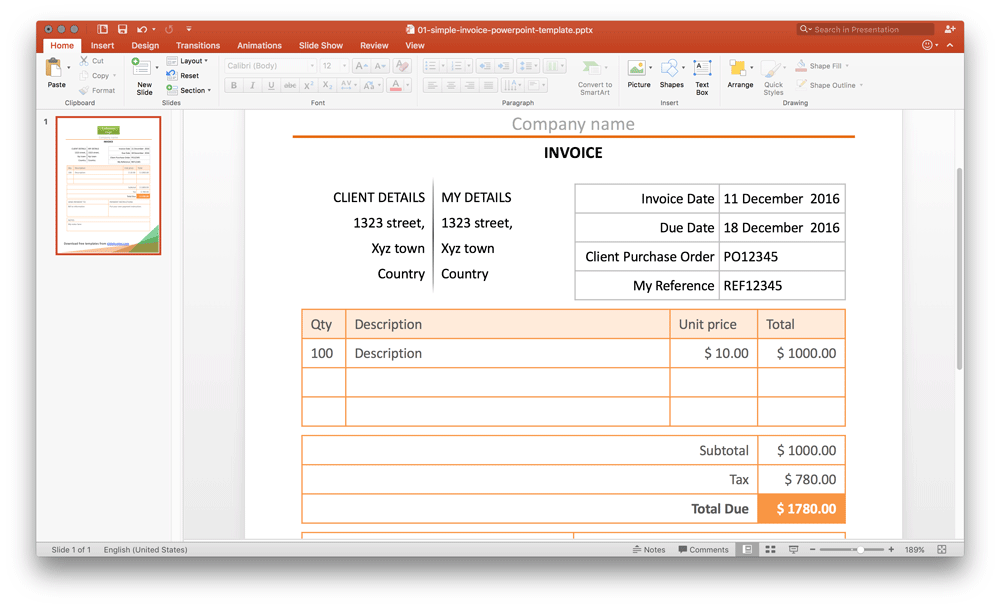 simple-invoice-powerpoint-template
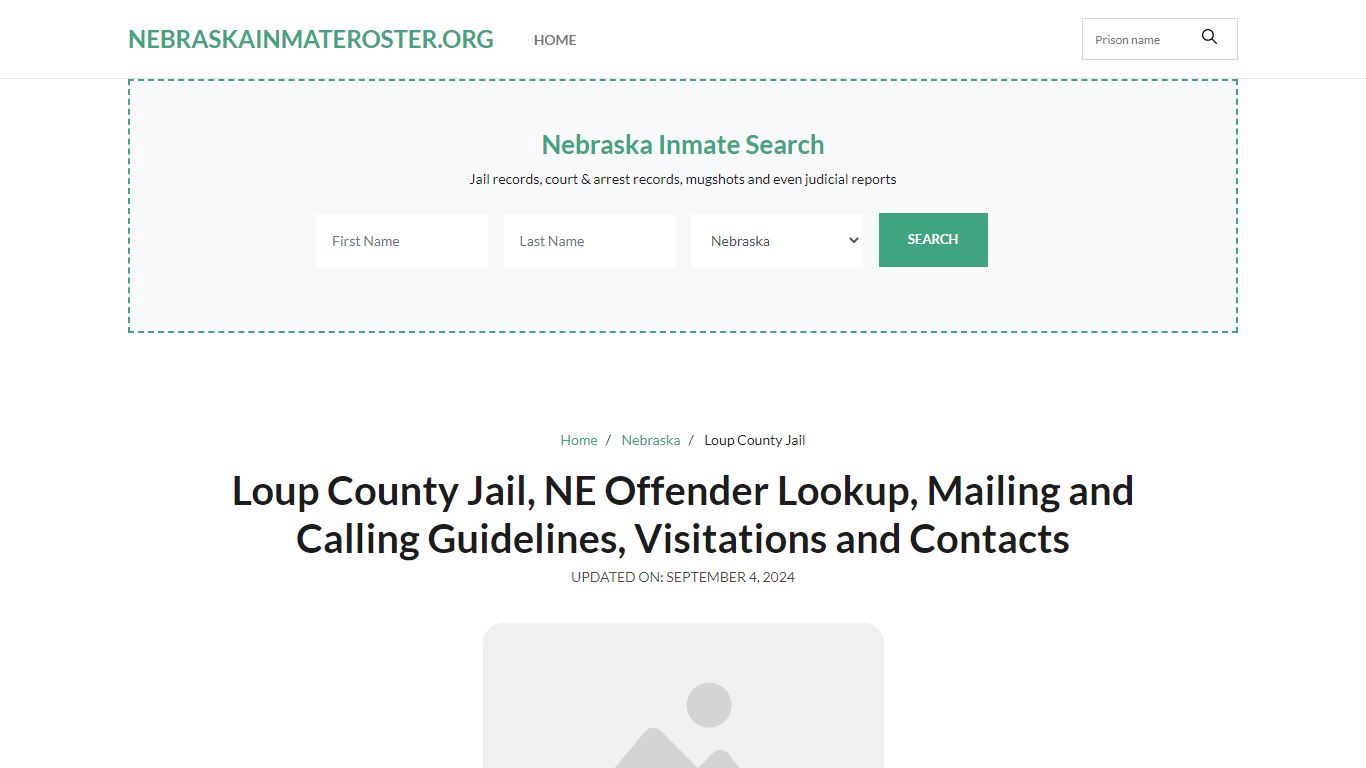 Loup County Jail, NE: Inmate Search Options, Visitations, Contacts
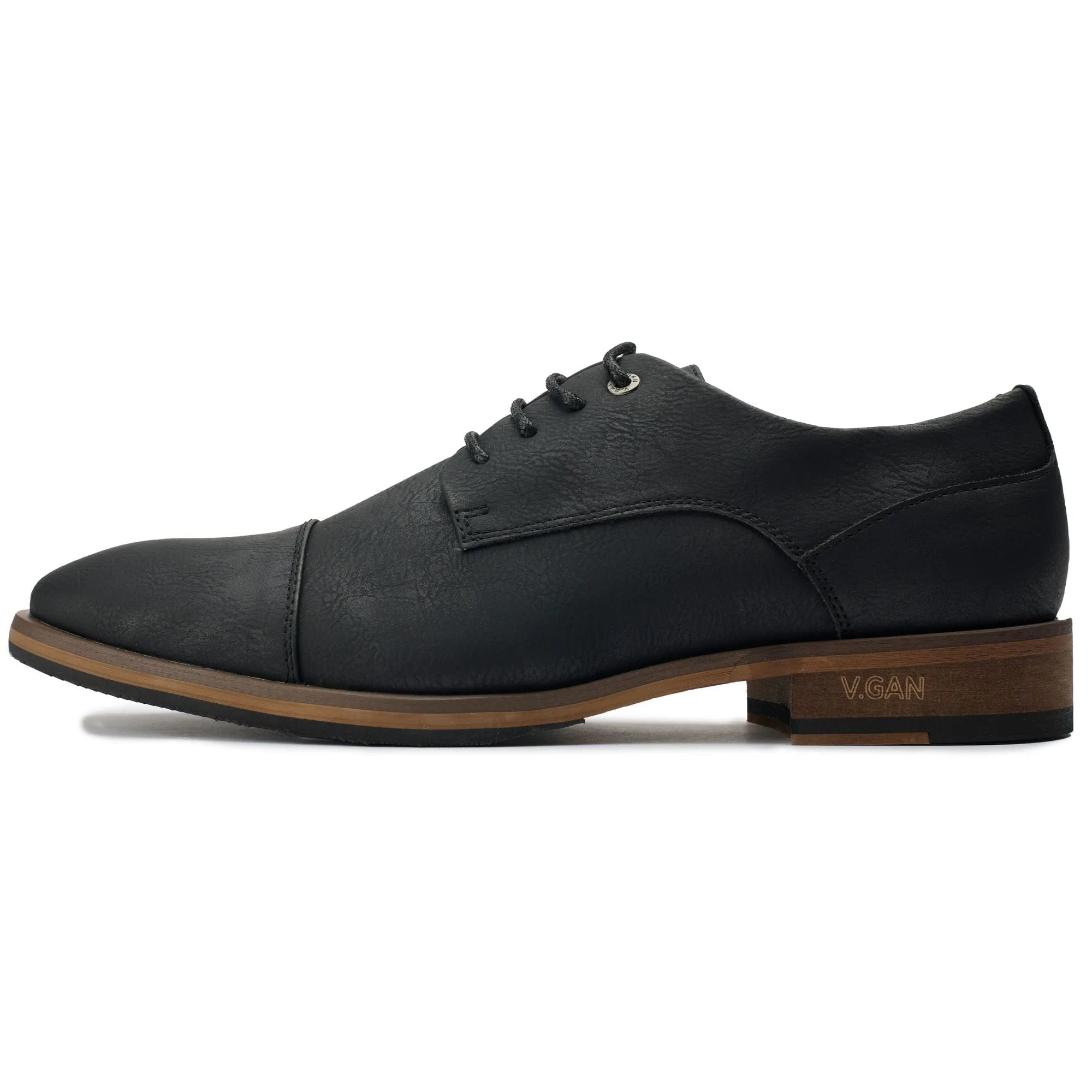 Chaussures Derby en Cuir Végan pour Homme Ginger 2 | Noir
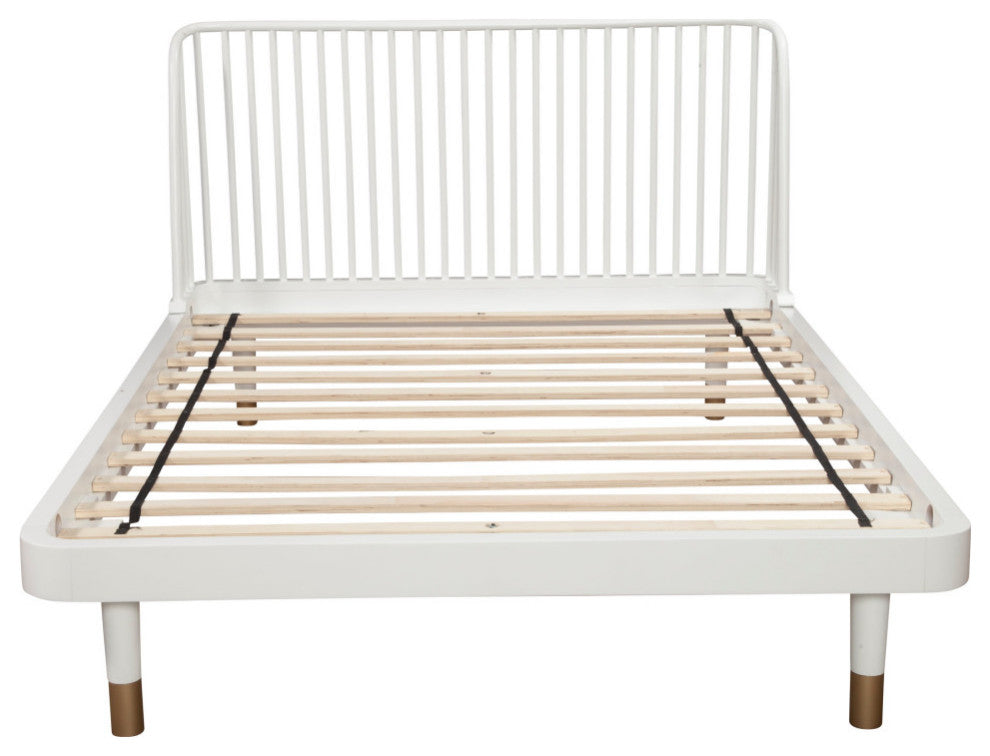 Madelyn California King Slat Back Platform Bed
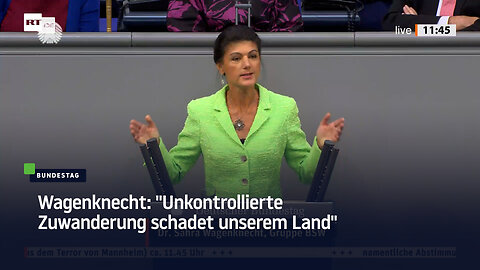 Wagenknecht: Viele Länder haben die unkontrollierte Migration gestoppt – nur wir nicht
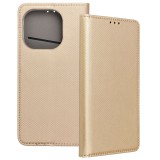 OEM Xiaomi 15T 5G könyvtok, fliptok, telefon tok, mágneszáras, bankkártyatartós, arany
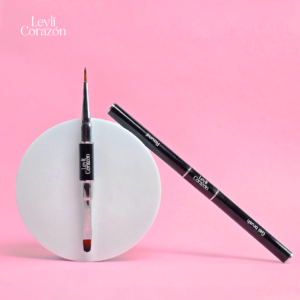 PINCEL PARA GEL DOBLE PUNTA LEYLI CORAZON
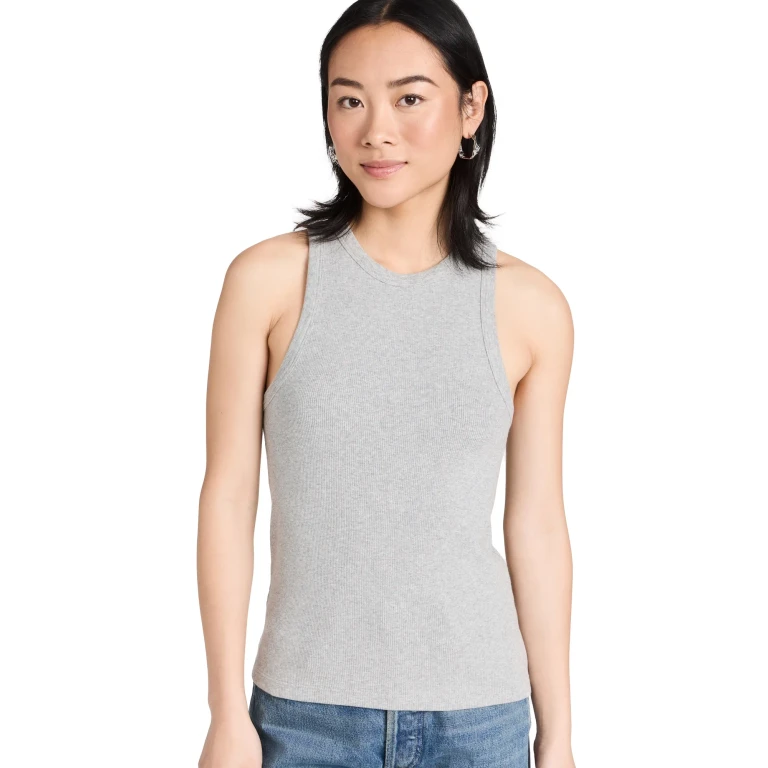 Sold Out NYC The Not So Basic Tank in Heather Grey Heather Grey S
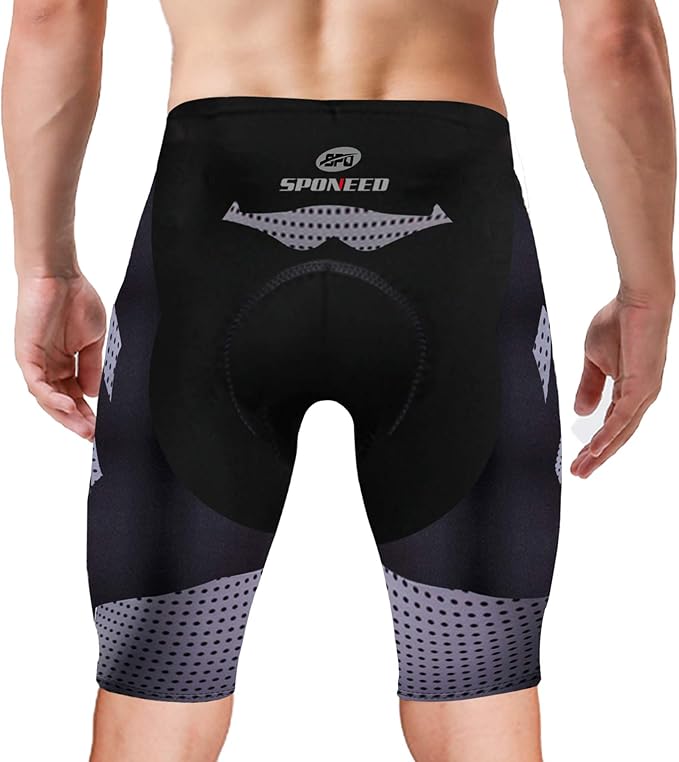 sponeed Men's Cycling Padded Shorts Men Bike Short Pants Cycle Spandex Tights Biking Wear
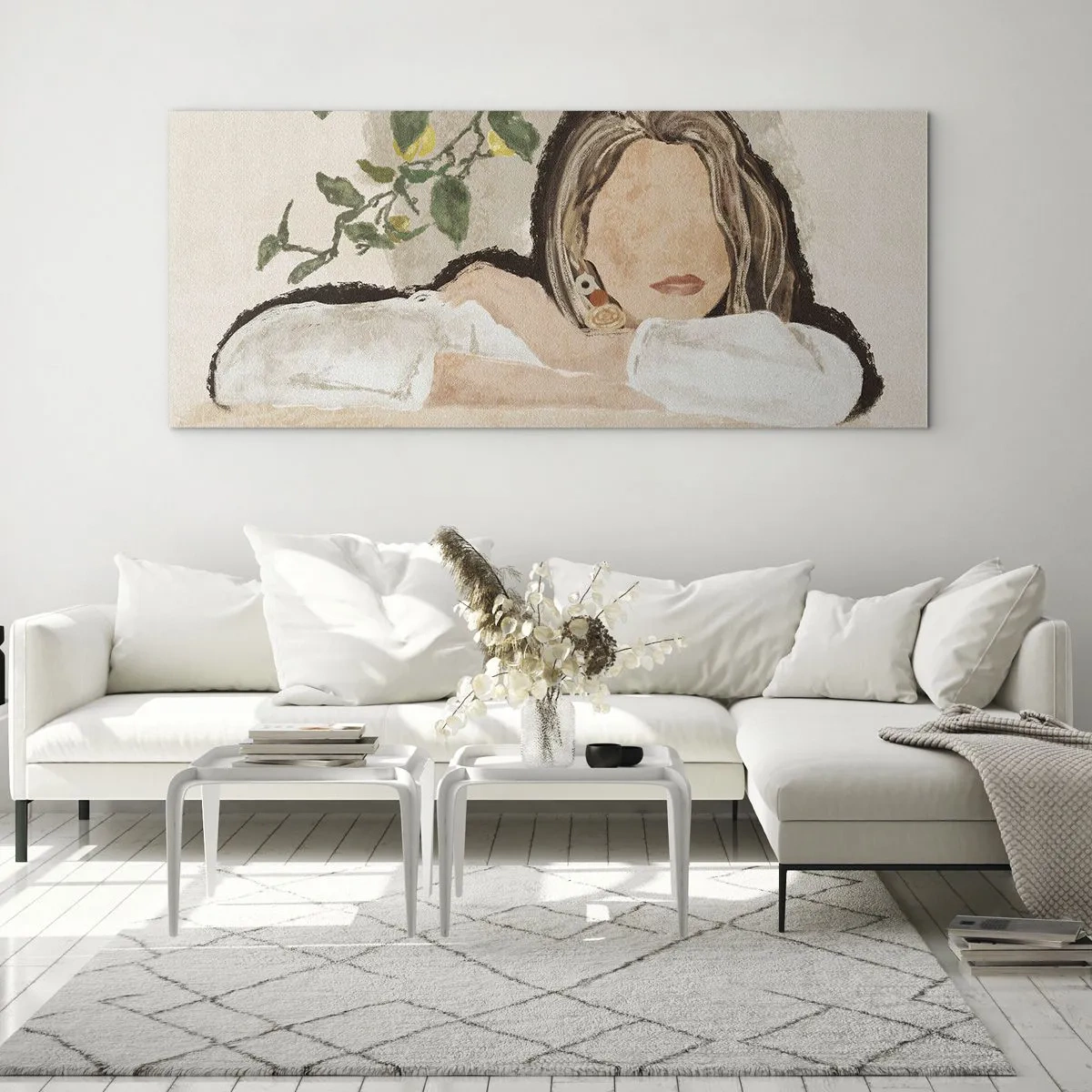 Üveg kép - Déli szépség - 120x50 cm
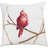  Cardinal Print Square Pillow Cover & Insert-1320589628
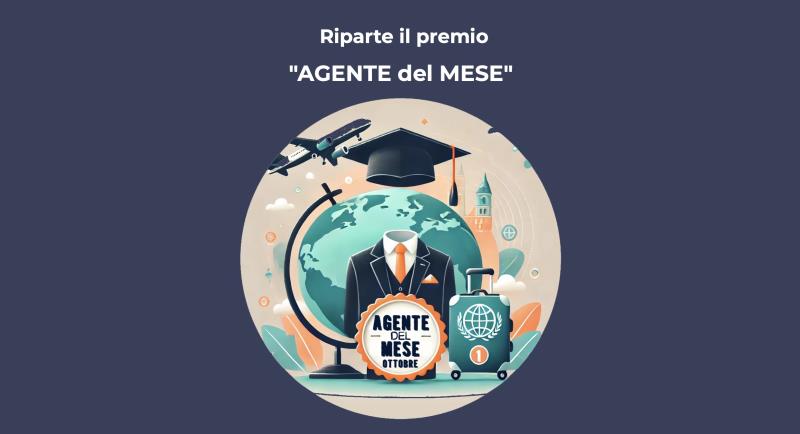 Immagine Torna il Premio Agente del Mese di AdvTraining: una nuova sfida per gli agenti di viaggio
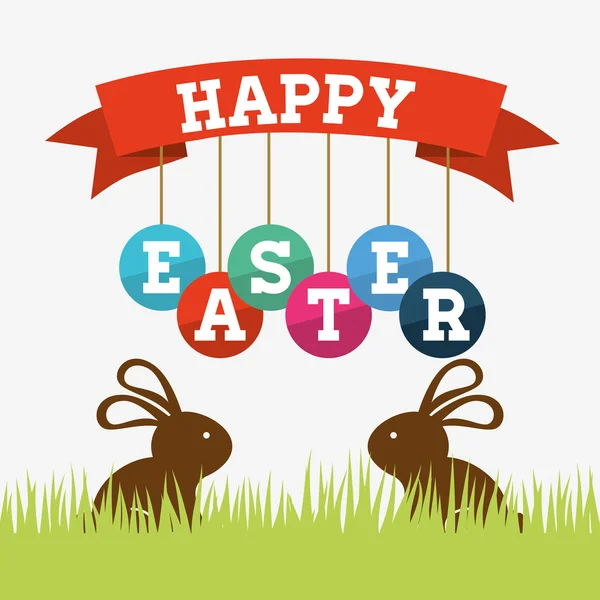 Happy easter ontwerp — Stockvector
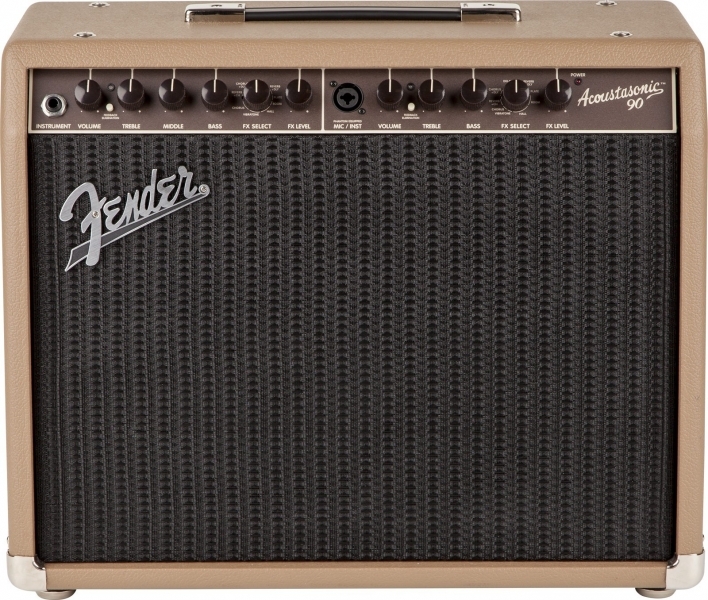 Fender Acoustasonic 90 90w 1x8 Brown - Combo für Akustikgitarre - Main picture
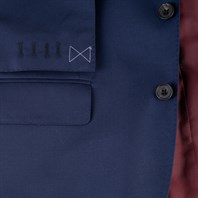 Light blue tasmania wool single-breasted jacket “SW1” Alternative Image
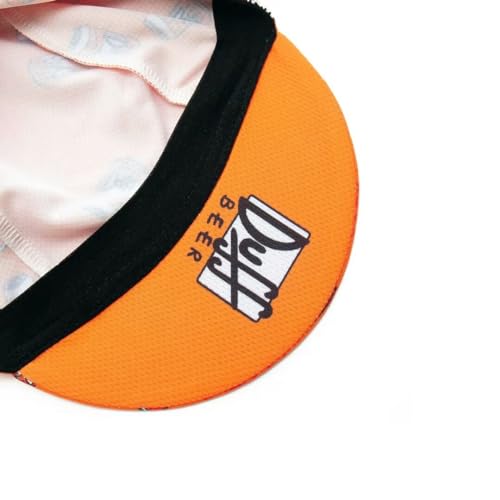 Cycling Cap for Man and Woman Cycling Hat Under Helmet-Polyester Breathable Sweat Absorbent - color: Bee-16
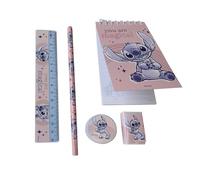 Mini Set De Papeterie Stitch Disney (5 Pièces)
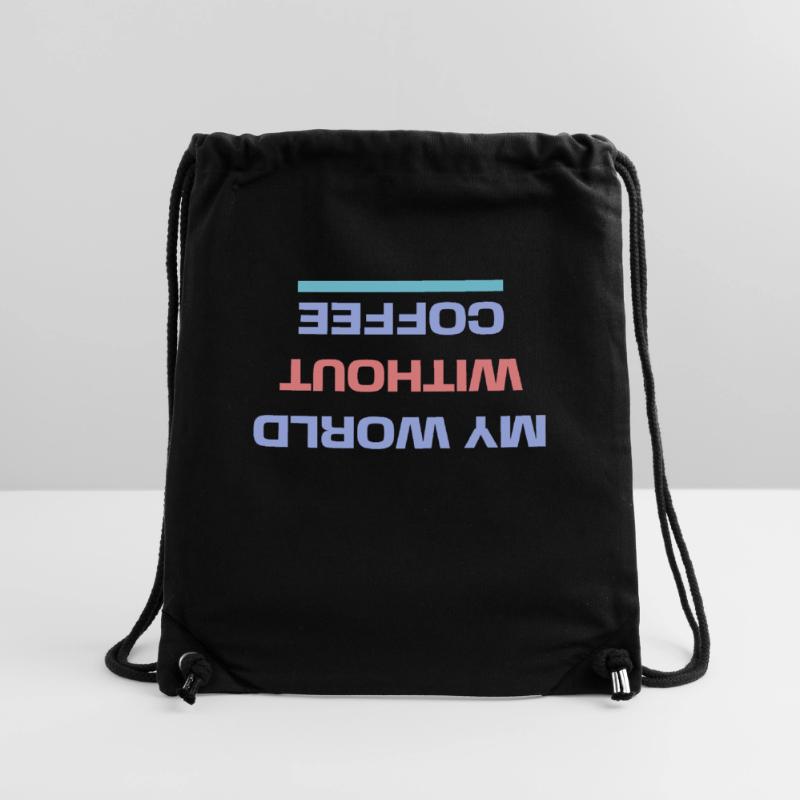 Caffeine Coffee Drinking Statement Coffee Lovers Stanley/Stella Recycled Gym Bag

········

> **Task details**
Skip the pictures, then retype every line above exactly.

> **Output for this exercise**
 simple-invoice-powerpoint-template
 Loup County Jail, NE: Inmate Search Options, Visitations, Contacts
 Chaussures Derby en Cuir Végan pour Homme Ginger 2 | Noir
 Madelyn California King Slat Back Platform Bed
 Wagenknecht: Viele Länder haben die unkontrollierte Migration gestoppt – nur wir nicht
 OEM Xiaomi 15T 5G könyvtok, fliptok, telefon tok, mágneszáras, bankkártyatartós, arany
 PINCEL PARA GEL DOBLE PUNTA LEYLI CORAZON
 Sold Out NYC The Not So Basic Tank in Heather Grey Heather Grey S
 sponeed Men's Cycling Padded Shorts Men Bike Short Pants Cycle Spandex Tights Biking Wear
 Üveg kép - Déli szépség - 120x50 cm
  Cardinal Print Square Pillow Cover & Insert-1320589628
 Immagine Torna il Premio Agente del Mese di AdvTraining: una nuova sfida per gli agenti di viaggio
 Happy easter ontwerp — Stockvector
 Fender Acoustasonic 90 90w 1x8 Brown - Combo für Akustikgitarre - Main picture
 Light blue tasmania wool single-breasted jacket “SW1” Alternative Image
 Cycling Cap for Man and Woman Cycling Hat Under Helmet-Polyester Breathable Sweat Absorbent - color: Bee-16
 Mini Set De Papeterie Stitch Disney (5 Pièces)
 Caffeine Coffee Drinking Statement Coffee Lovers Stanley/Stella Recycled Gym Bag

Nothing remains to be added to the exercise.